Bolzano province = 536838

Trento Province= 542235

who is more or less the same of our dataset (1079073)

https://it.wikipedia.org/wiki/Trentino-Alto_Adige


In [None]:
propBA=T_A_A.iloc[0,0]/536838
print(f"Provincia di Bolzano: {propBA}")
propTR=T_A_A.iloc[1,0]/542235
print(f"Provincia di Trento: {propTR}")

The proportion is really different between the 2 province, we have 1,95 who is the second lowest value ( higher just than Sicilia) for the autonomous province of Bolzano  and 2,13 for the autonomous province of Trento who is near the best values of the other regions. It is curious if we consider that this regions are really near geographically. 

In [None]:
data.first_dose.sum(),data.second_dose.sum(),data.additional_booster_dose.sum(),data.previous_infection.sum(),data.booster_immuno.sum(),data.second_booster.sum()

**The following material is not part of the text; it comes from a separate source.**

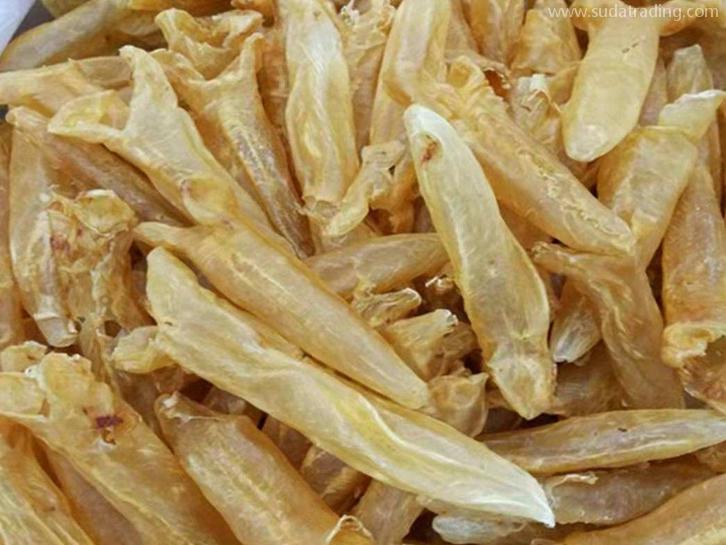 上海進(jìn)口印尼魚(yú)翅報(bào)關(guān)資料水產(chǎn)品快速通關(guān)指南 上海進(jìn)口印尼魚(yú)翅報(bào)關(guān)資料水產(chǎn)品快速通關(guān)指南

This is interesting because we can note that some region has an higher percentage of people with previous infection than people vaccinated with the classic cicle of vacccination and viceversa. 

In [None]:
data.columns

In [None]:
percentages=pd.DataFrame(data.groupby("region_name")["previous_infection"].sum()/data["previous_infection"].sum())*100
percentages["d1"]=(data.groupby("region_name")["first_dose"].sum()/data.first_dose.sum())*100
percentages["d2"]=(data.groupby("region_name")["second_dose"].sum()/data.second_dose.sum())*100
percentages["db1"]=(data.groupby("region_name")["additional_booster_dose"].sum()/data.additional_booster_dose.sum())*100
percentages["dbi"]=(data.groupby("region_name")["booster_immuno"].sum()/data.booster_immuno.sum())*100
percentages["db2"]=(data.groupby("region_name")["second_booster"].sum()/data.second_booster.sum())*100
percentages

In [None]:
import seaborn as sns
import matplotlib.pyplot as plt
plt.figure(figsize=(16,7))
sns.barplot(data["region_name"],data["previous_infection"])
plt.xticks(rotation=90)
plt.show()

In [None]:
plt.figure(figsize=(16,7))
sns.barplot(data["region_name"],data["first_dose"])
plt.xticks(rotation=60)
plt.show()

In [None]:
reg_name1["1stProp"]=reg_name1["first_dose"]/reg_name1["pop_resid"]
reg_name1.sort_values(by=("1stProp"),ascending = False).head()

In [None]:
reg_name1["2ndProp"]=reg_name1["second_dose"]/reg_name1["pop_resid"]
reg_name1.sort_values(by=("2ndProp"),ascending = False).head()

In [None]:
reg_name1["boostProp"]=reg_name1["additional_booster_dose"]/reg_name1["pop_resid"]
reg_name1.sort_values(by=("boostProp"),ascending = False).head()

In [None]:
reg_name1["boostProp2"]=reg_name1["second_booster"]/reg_name1["pop_resid"]
reg_name1.sort_values(by=("boostProp2"),ascending = False).head()

In [None]:
reg_name1["dpiProp"]=reg_name1["previous_infection"]/reg_name1["pop_resid"]
reg_name1.sort_values(by=("boostProp"),ascending = False).head()

In [None]:
a=reg_name1.sort_values(by=("propTV"),ascending = False)
plt.figure(figsize=(16,7))
fig=sns.barplot(a["propTV"],a.index)
plt.title("Proportions of Total Vaccination for Regions")
plt.show()
print("The region with the highest proportion of total vaccinations is:", a.index[0]) 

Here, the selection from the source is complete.